The Guinness World Records announced that China has become the fastest-growing market for Guinness World Records in the past decade, with 2,000 annual applications.
China's applications to Guinness, founded in 1954, increases 10 percent every year, faster than any other country in the world.
The obsessions some Chinese people have on setting new records has spawned multiple Guinness World Records imitators in China.
Shanghai China Records Headquarters (SCRH) is one of the major competitors in China. According to Beijing Youth Daily, SCRH was the Chinese-associated agency of the Guinness World Records organization in 1993, but the cooperation was ceased in 1996 by Guinness.
SCRH has issued more than 3,300 Jinisi records since it was founded in 1992. These records, however, are only valid for domestic challengers and effective only within China.
Since its name sounds the same in Chinese as Guinness, it has led many to think it is internationally recognized.
Today’s Story in the Story will look into the unparalleled interest of some Chinese individuals and organizations in setting up new world records, and why the awards of the Guinness World Records imitators in China are criticized as being overtly commercial and profit-driven.
(Photo: Global Times)
Zhang Di spent 12 years trying to get his name into the Guinness Book of World Records after completing his first attempt at bungee jumping from a helicopter in 2002.
Zhang thought he was the "world's first" to accomplishment such a feat after setting a Jinisi record at SCRH, but that was until he learned a man from France had bungee jumped some 1,080 feet from a helicopter and had already been recognized by Guinness.
At first, Zhang was disappointed that his hard work and risk-taking had only amounted to being "China's first.”

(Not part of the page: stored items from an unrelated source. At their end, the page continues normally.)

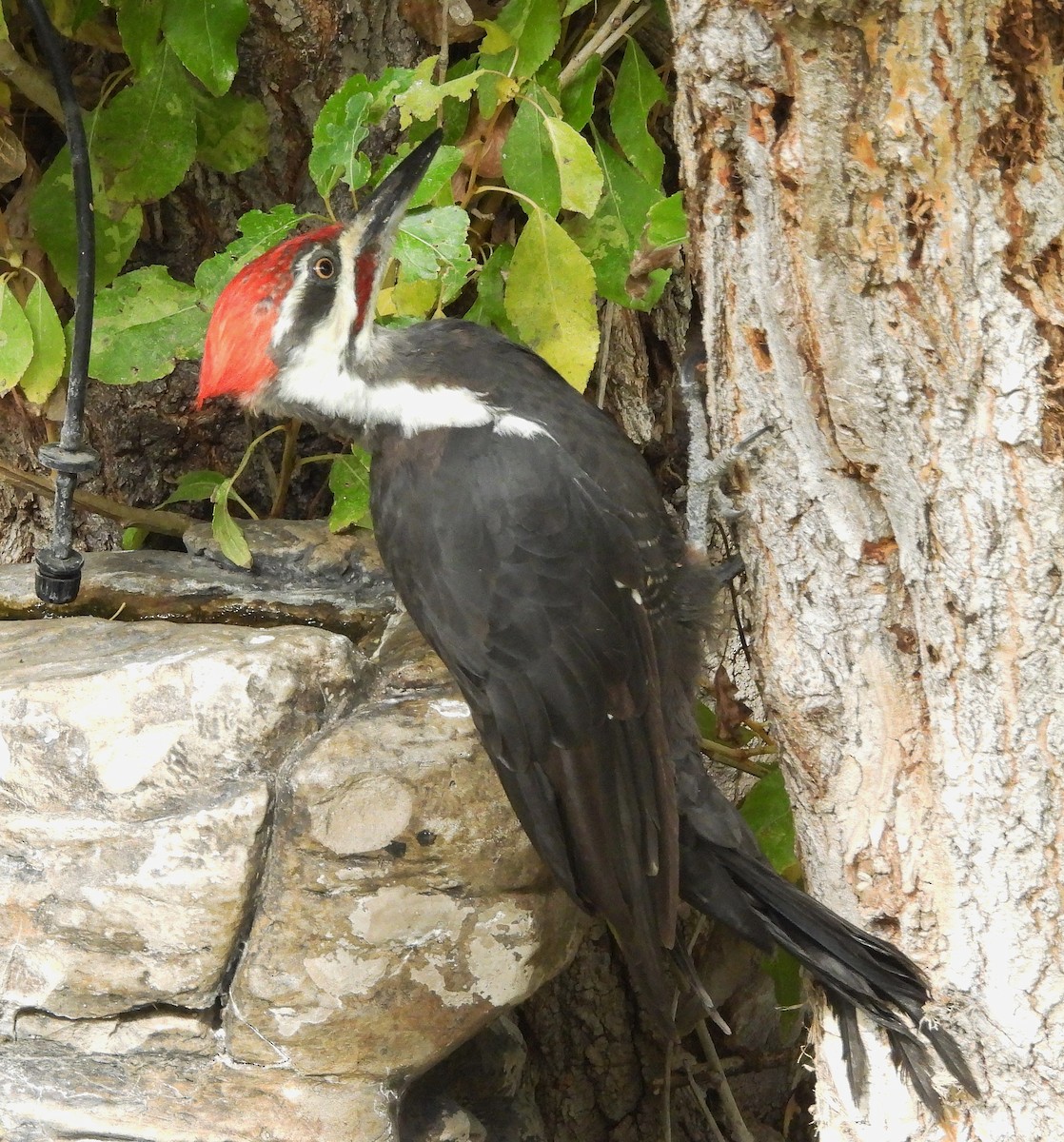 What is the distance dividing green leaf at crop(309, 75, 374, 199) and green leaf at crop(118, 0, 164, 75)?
0.40 m

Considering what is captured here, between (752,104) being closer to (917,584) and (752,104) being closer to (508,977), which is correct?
(917,584)

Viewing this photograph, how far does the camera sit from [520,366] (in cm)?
169

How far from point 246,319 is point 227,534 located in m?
0.40

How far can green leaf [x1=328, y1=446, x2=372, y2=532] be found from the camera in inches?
76.0

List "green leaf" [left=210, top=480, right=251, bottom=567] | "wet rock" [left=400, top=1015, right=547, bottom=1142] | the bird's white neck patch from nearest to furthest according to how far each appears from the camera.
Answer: the bird's white neck patch
"green leaf" [left=210, top=480, right=251, bottom=567]
"wet rock" [left=400, top=1015, right=547, bottom=1142]

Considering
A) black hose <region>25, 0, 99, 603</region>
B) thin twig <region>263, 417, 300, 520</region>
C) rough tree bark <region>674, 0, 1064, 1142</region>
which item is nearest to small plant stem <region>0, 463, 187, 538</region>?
thin twig <region>263, 417, 300, 520</region>

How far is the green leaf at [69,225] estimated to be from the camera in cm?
194

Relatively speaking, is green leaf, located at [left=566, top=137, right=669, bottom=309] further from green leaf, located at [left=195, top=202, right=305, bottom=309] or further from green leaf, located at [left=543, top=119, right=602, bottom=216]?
green leaf, located at [left=195, top=202, right=305, bottom=309]

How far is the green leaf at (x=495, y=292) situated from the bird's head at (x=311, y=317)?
253 mm

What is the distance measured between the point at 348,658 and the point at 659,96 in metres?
0.99

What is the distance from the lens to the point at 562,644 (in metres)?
1.58

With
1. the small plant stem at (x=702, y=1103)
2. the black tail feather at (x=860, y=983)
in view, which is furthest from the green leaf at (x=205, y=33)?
the small plant stem at (x=702, y=1103)

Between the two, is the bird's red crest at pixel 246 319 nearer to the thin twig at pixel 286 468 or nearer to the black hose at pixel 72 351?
the black hose at pixel 72 351

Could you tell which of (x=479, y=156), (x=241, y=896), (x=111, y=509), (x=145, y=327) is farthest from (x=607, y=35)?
(x=241, y=896) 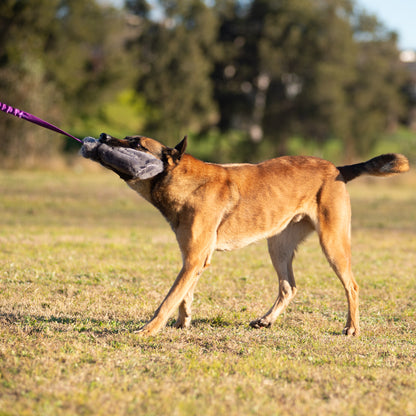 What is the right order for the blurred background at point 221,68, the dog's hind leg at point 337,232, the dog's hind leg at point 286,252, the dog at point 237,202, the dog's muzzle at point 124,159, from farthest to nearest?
1. the blurred background at point 221,68
2. the dog's hind leg at point 286,252
3. the dog's hind leg at point 337,232
4. the dog at point 237,202
5. the dog's muzzle at point 124,159

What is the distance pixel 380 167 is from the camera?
670cm

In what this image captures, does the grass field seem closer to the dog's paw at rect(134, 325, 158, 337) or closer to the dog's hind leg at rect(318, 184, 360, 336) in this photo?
the dog's paw at rect(134, 325, 158, 337)

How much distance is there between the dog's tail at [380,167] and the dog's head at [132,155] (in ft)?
6.54

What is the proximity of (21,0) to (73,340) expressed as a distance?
33.6m

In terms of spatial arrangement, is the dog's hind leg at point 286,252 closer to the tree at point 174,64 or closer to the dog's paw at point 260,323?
the dog's paw at point 260,323

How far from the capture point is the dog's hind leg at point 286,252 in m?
6.79

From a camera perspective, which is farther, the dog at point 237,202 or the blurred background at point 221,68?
the blurred background at point 221,68

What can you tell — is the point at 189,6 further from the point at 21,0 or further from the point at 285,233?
the point at 285,233

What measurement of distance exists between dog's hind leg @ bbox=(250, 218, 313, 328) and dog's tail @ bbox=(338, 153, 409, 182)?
711 mm

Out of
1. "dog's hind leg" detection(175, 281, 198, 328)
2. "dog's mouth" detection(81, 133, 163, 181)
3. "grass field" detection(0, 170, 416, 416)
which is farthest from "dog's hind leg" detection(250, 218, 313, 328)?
"dog's mouth" detection(81, 133, 163, 181)

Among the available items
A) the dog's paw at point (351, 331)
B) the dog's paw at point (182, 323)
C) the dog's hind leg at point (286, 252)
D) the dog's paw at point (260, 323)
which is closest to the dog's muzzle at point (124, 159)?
the dog's paw at point (182, 323)

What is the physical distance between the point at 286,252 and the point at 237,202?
112 cm

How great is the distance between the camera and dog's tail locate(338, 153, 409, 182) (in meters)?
6.67

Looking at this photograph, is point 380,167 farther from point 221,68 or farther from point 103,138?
point 221,68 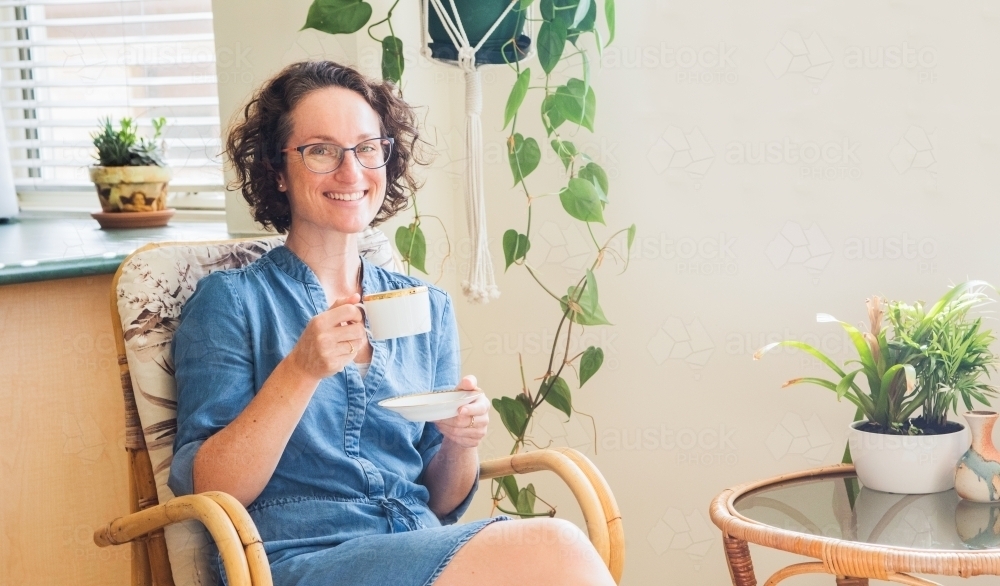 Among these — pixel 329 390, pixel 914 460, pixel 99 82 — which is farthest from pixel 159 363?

Four years later, Zhang submitted another application to Guinness, and finally achieved his dream when he set a new world record after bungee jumping 50 meters from a helicopter.
In 2003, Zhang Di sued SCRH for fraudulent misrepresentation. He asked the agency to reimburse his 1,800-yuan registration fee and pay him 50,000 yuan in compensation for being duped by Jinisi's misleading moniker.

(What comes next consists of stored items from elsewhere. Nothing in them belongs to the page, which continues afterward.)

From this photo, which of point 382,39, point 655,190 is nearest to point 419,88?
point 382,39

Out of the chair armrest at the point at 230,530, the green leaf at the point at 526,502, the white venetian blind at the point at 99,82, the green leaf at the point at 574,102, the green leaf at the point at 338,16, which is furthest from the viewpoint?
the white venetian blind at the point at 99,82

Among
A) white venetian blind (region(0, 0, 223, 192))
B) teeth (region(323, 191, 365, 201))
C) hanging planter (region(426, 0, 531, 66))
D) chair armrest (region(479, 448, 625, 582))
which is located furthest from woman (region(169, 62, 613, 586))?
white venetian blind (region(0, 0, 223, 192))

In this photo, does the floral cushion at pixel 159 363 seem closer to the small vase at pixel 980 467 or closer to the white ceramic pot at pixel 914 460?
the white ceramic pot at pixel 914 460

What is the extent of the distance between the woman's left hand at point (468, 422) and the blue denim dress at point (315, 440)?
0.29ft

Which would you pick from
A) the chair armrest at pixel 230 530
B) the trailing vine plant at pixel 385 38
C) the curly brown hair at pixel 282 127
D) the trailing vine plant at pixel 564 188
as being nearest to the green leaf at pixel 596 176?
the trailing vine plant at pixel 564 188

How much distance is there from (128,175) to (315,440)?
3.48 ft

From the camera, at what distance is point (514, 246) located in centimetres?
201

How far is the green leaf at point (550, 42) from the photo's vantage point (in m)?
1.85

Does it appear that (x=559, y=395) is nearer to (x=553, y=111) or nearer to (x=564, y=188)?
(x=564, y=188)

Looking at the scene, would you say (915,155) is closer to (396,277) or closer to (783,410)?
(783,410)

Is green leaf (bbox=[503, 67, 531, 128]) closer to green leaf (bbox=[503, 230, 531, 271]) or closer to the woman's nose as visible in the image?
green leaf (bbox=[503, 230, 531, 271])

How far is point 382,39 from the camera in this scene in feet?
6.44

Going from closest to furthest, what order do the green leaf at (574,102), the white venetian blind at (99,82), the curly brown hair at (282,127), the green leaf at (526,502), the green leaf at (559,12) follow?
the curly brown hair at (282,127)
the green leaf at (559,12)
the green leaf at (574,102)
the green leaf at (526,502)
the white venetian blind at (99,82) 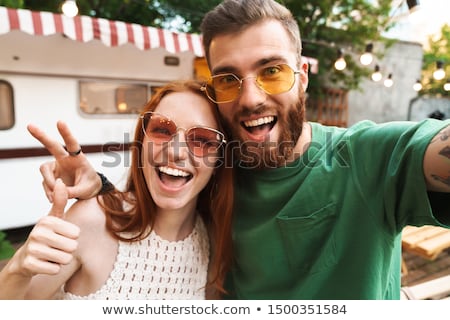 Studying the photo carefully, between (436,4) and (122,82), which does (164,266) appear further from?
(122,82)

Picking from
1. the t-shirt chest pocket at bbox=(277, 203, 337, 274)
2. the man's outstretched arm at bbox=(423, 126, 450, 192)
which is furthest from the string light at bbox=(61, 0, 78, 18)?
the man's outstretched arm at bbox=(423, 126, 450, 192)

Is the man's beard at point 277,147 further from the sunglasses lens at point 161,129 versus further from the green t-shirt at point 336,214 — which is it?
the sunglasses lens at point 161,129

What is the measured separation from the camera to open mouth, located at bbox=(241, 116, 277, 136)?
4.29ft

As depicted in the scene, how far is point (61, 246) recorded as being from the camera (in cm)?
93

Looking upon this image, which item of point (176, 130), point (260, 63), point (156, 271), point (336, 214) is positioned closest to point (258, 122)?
point (260, 63)

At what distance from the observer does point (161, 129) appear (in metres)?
1.25

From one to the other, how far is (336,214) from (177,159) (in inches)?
26.0

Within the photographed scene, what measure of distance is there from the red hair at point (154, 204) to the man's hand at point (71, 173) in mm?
92

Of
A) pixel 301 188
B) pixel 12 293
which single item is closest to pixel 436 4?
pixel 301 188

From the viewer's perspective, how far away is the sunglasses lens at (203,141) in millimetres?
1242

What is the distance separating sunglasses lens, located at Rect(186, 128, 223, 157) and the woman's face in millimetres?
15

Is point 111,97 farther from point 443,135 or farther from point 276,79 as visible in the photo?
point 443,135
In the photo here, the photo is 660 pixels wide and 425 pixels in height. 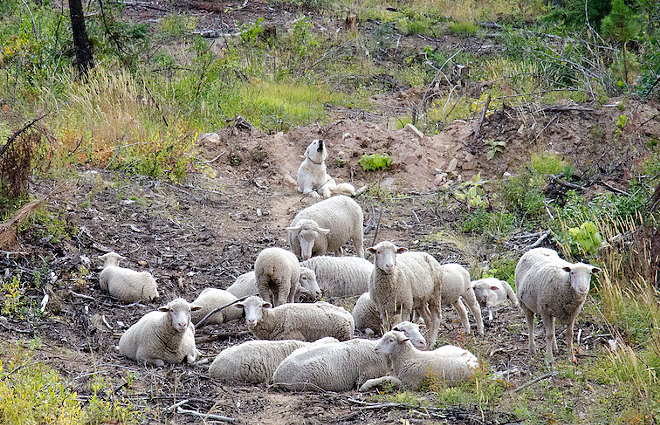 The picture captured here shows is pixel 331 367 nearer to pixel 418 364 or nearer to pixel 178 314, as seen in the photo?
pixel 418 364

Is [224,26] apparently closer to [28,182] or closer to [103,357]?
[28,182]

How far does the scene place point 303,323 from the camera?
7.28 meters

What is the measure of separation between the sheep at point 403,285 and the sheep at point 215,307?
1751 mm

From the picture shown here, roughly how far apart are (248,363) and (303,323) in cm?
107

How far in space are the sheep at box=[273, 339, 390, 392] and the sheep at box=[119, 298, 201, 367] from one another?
114cm

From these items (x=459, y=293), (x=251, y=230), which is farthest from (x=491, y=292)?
(x=251, y=230)

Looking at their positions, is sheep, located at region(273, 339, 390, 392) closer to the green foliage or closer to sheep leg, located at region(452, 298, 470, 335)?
sheep leg, located at region(452, 298, 470, 335)

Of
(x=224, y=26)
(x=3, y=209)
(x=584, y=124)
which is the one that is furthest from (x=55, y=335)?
(x=224, y=26)

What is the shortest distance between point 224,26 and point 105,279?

"I felt ashamed and was cheated by them, because all of my hard work, money and the personal risks I took went to waste,” said Zhang.
One major difference between Jinisi and Guinness is that the former charges an application fee while the latter is free.
The UK's Guinness World Records is a non-profit organization, so applications and auditing requests are free, except when special conditions apply.
According to the official SCRH website, individual applications cost 600 yuan ($92) and organization submission run 900 yuan. During the examination stage, individuals are charged 4,200 yuan and organizations 27,000 yuan (for general events), or 37,000 yuan for big events that require advertising.
Applicants not only pay for their travel and accommodation expenses, but also have to cover Jinisi’s, so company representatives can be on hand to present awards and take photos.
But not everyone who has been misled by Jinisi has lost faith in the Guinness imitator. Some actually enjoy the economic gains that result from the notoriety of being "China's first," especially domestic businesses.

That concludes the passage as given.